Examining the entire record, crediting evidence favorable to Martinez-
Gonzalez if a reasonable juror could, drawing every inference in his favor from
that evidence that a reasonable juror could, and resolving any doubts against
Appellees unless reasonable jurors could not, more than a scintilla of summary-
judgment evidence exists that would enable reasonable and fair-minded jurors to
differ in their conclusions as to whether Dr.

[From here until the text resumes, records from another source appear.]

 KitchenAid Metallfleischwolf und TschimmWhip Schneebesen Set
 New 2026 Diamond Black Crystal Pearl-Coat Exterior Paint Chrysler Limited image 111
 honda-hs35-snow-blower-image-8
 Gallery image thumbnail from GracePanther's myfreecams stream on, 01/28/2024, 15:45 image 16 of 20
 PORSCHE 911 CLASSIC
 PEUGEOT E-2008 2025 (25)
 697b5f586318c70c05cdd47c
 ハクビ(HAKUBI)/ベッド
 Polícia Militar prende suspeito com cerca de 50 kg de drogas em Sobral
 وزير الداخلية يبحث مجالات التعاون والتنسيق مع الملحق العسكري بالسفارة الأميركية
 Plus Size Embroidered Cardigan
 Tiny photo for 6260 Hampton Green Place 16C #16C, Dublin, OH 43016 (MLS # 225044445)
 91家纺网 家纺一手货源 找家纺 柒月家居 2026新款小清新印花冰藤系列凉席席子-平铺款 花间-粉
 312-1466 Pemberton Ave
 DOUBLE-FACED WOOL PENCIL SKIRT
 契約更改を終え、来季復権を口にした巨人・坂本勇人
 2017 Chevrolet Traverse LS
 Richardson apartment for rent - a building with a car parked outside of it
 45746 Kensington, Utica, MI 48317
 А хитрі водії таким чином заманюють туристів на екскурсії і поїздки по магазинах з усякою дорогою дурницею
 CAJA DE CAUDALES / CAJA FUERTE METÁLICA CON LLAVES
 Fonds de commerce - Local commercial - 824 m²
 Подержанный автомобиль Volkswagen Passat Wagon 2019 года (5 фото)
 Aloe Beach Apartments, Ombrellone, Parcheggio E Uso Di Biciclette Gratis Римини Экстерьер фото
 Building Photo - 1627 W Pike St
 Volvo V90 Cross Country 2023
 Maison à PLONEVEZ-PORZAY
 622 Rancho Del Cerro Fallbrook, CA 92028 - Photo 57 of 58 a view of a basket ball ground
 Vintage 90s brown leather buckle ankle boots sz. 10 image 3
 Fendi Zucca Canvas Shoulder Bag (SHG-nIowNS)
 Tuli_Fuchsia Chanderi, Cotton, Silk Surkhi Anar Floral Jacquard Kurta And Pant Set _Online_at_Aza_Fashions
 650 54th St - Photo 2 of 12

Castro subjectively acted with willful
and wanton negligence on March 12, 2014, in his decisions to not perform a
genital exam or an ultrasound on Martinez-Gonzalez to rule out testicular torsion
despite the fact that Martinez-Gonzalez suffered from—according to Dr.
Gibson—classic testicular-torsion symptoms and despite the fact that Elite Care’s
assessment form for use on patients experiencing abdominal pain, which Dr.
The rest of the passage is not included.